**Aim of the exercise**
When the line containing "Conjunto de Camisa" is found in the data below, copy it and each line after it through the line containing "shrines/tokusatsu/toku_watchlist screenshot", exactly and with no others.

**Provided records**

----

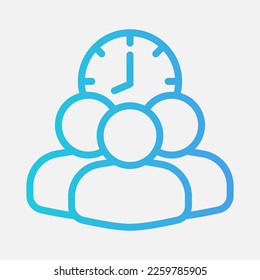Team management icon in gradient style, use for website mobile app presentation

----

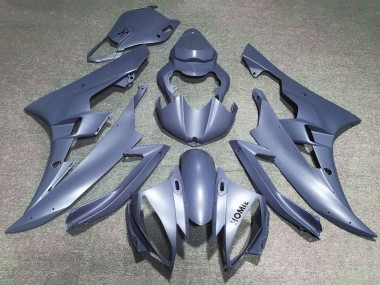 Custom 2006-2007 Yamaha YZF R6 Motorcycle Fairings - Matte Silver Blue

----

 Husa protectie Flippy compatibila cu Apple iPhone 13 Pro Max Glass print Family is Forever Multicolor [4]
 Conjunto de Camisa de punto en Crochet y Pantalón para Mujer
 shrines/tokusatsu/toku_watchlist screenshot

----

**Completed exercise**
 Conjunto de Camisa de punto en Crochet y Pantalón para Mujer
 shrines/tokusatsu/toku_watchlist screenshot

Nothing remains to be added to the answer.